Today was the first time that I attempted to develop a couple of 35mm rolls and then feed them to my Pakon as soon as they were dry. It worked fantastically and after scanning I hung the rolls back up to make cutting them easier. I can see already how this will be a very unproblematic and straight forward workflow. If it wasn’t for the development and the dust-spotting the whole process would be almost as easy as a digital workflow, just without all the discards. I’m definitely on the right track now and can concentrate more on the things I actually enjoy: Shooting and developing, rather than spending ages in front of the computer.
Some rolls do need more of an intervention though, even scanned with the Pakon. The Pakon software doesn’t have a Cinestill preset and therefore results with the Pakon colour correction algorithm don’t really add up. I saved these as raw scans and then corrected them with ColorPerfect and a curves layer. With the Epson I would have had to do this as well on top of spending an hour scanning them. I prefer scanning just a few minutes.
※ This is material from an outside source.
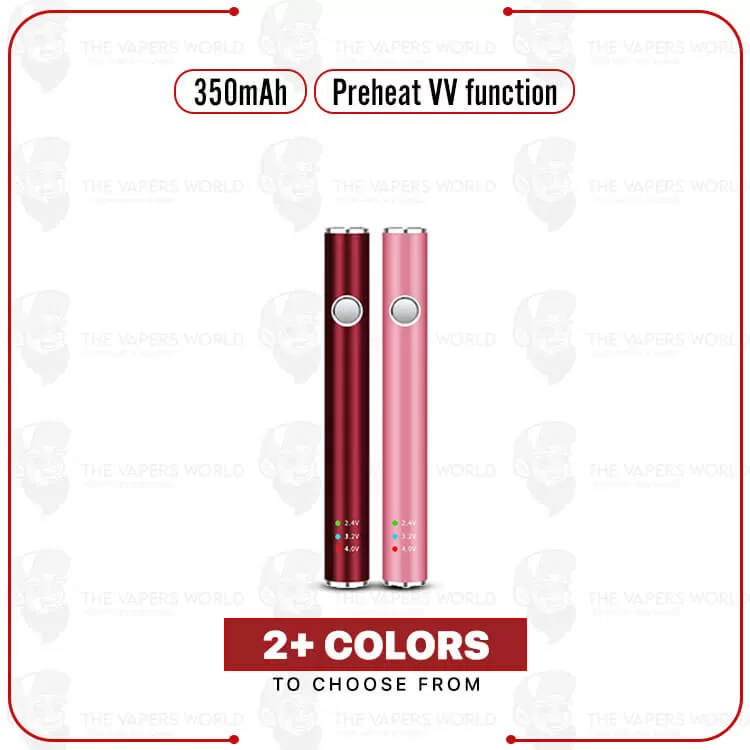 Leaf Buddi Max Passthrough USB Battery Kit – 350mAh - Red, Blue (D1443F)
And obviously, with standard consumer films I don’t need to do any additional colour correction at all.
All pictures taken with: Leica M6 + Zeiss ZM C-Biogon 35mm f/2.8.
Cinestill 800T @1600 developed in Tetenal C41 Kit, 1+.
Creepiest Christmas decoration ever.
I love the colours in this one.
Same goes for this.
I posted a black and white picture of this one already, but in colour it’s completely different.
Those crepes would kill me, but they were sure doing photogenic work!
One of them gave me the finger a few seconds later.
Ah, festivals make people lose all sense of embarrassment.